Greetings... I'm just hearing about Lemmy and find it cool. I have a question regarding harassment - and ironically, it's one reason why I've come here from Reddit. Let me explain...

I'm the mod of the most popular subreddit critical of cryptocurrency. Obviously crypto is a popular and controversial subject. Our community is focused on exposing the fraud and the scams in the technology. But those who are running such operations really don't want our community to exist, so they've been repeatedly reporting us to Reddit for "harassment" - basically if they make absurd claims about returns or get hacked and we find it amusing - they consider that "harassment" and now they've sanctioned our community. But we've actually not been told we violated any specific harassment policy -- just that some people complained.

So we're wondering where we can go where speaking truth to power isn't so dangerous? Anybody can file a complaint, but when the complaint is hollow, still being punished is bad. How would Behaw handle something of this nature?

EDIT: btw, my apologies if this thread may pertain to a specific incident of harassment.. I thought maybe it was a general thing - if bringing up something related but different is inappropriate, let me know and I'll delete my comments. But I am hoping to talk about both sides of the "harassment" issue. There's legit harassment and then there's also fabricated harassment.

[–] [email protected] 0 points 1 year ago (1 children)

A news article exposing illegal, illicit, or otherwise not nice behavior will not be removed just because someone doesn't like it. That is not harassment.

[–] [email protected] 0 points 1 year ago (1 children)

Apparently if you call attention to someone else's post and comment in any way that the original user feels is unflattering, that could be considered "harassment" by Reddit admins.

Basically if someone promotes a crypto scheme, and we say it's a ponzi (and are prepared to back it up with evidence), that's "harassment" and we get sanctioned.
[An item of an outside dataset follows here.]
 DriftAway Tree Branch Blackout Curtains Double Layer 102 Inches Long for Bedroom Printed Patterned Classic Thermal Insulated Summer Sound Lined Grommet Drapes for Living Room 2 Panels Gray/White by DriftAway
[–] [email protected] 0 points 1 year ago (1 children)

We are not Reddit nor do we intend to be.

[–] [email protected] 0 points 1 year ago (1 children)

Everybody says that. Google said, "We won't be evil."

When Twitter started to go downhill, I left for Mastodon. I went into one of the larger communities that was focused on artists and engineers and creatives and had all these glorious rules about "respect." I suddenly found my account crippled. With no notice. I had not violated any rules. What happened was the admin of the server was into cryptocurrency, saw that I was skeptical of crypto, and disabled my account and refused to do anything about it. This is a problem I've run into with Federated systems.

[–] [email protected] 1 points 1 year ago

What would be your suggestion to hold us accountable to our ethos?

We understand the skepticism and hold a similar viewpoint towards a lot of what's on the internet. We're explicitly not inviting capital to avoid making any tradeoffs or compromising the vision which capitalistic endeavors cannot by their very nature, do. But ultimately we also recognize that we're asking for a certain level of trust from our users - if you have suggestions on how to build or solidify that trust we'd love to hear it.